Cette étude s'articulera autour de trois grandes parties. Dans un premier temps, il sera question de présenter la Mission et le personnage. Une présentation générale sera faite sur l'idéologie de la congrégation missionnaire à laquelle appartient le prêtre dans le but d'appréhender son comportement en rapport à ces principes. Le parcours du prétre est également pris en compte puisqu'il est susceptible d'éclairer la question centrale de notre étude. Dans cette même approche, considérant que la façon dont il se représente le Noir fait partie d'une structure, le discours du père Auzanneau sera analysé en fonction du contexte dans lequel il s'est produit. Ainsi, la deuxième partie portera-t-elle sur les mécanismes d'élaboration de l'image de l'homme Noir dans les représentations collectives de l'Occident, donc de la France. Elle tâchera également de souligner le rapport existant entre le portrait que dressent les missionnaires du XIXe siècle de l'Africain et celui que peint le père Auzanneau. En ce sens, on se réfèrera à plusieurs auteurs qui ont traité cette question dont Bernard Salvaing. Enfin, notre troisième partie concernera le nouveau paradigme anthropologique qui aura marqué de manière significative la relation entre l'Occident et le reste du monde. Cette nouvelle donne sera prise comme faisant partie d'un vaste processus À auquel participent les Noirs eux-mémes - qui conduira à la reconnaissance de l'humanité pleine et entière des peuples colonisés.

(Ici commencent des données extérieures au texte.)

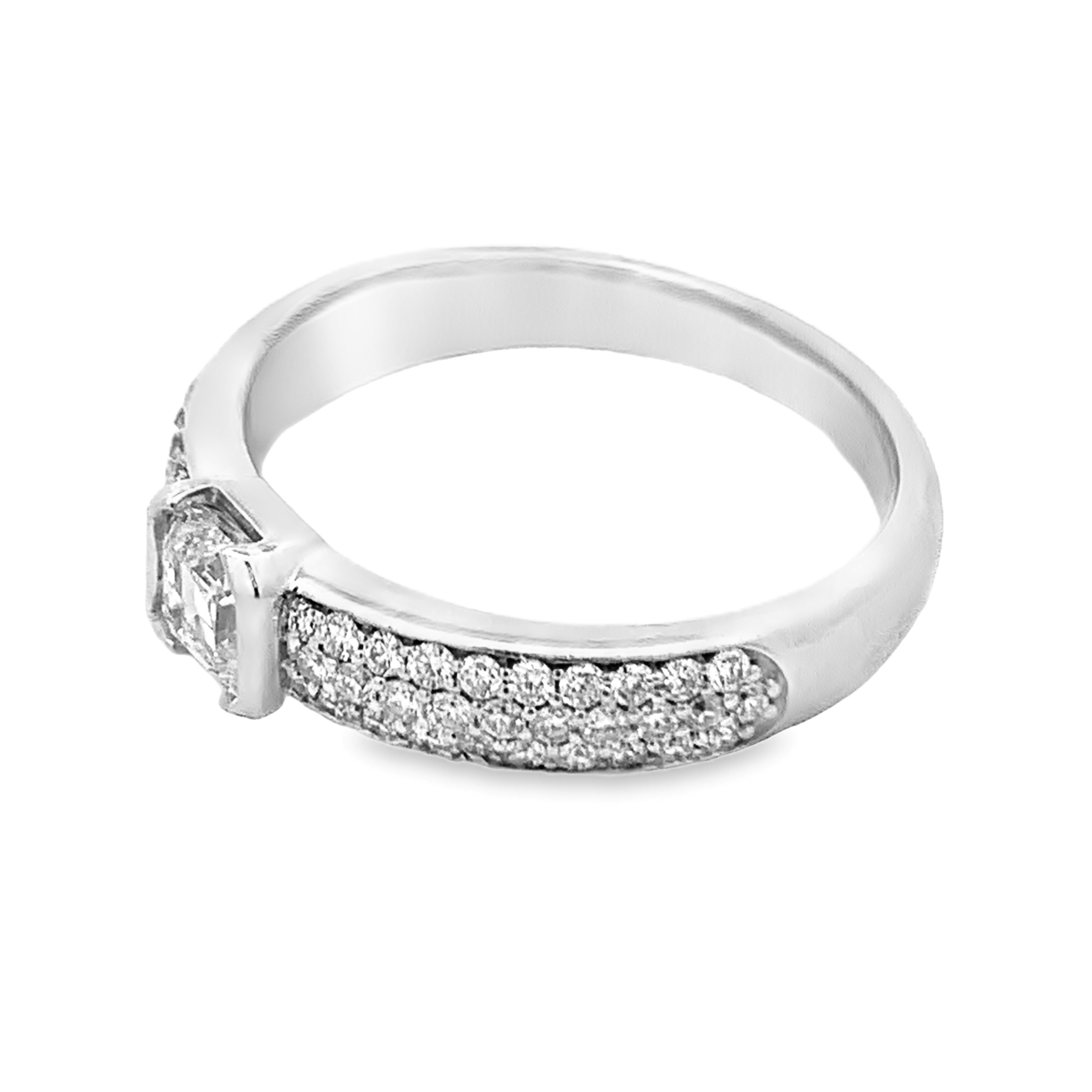 Norman Silverman 18K White Gold Asscher Center Pave Diamond Ring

9 Allusion faite à un ouvrage d'Alain Corbin, Le Monde retrouvé de Louis-François Pinagot. Sur les traces d'un inconnu (1798-1876), Flammarion, 1998. Livre d'histoire sociale, il s'appuie sur les acquis des disciplines scientifiques voisines ethnologie, sociologie et anthropologie pour faire revivre un personnage ordinaire qui ne laisse de traces que la preuve de son existence.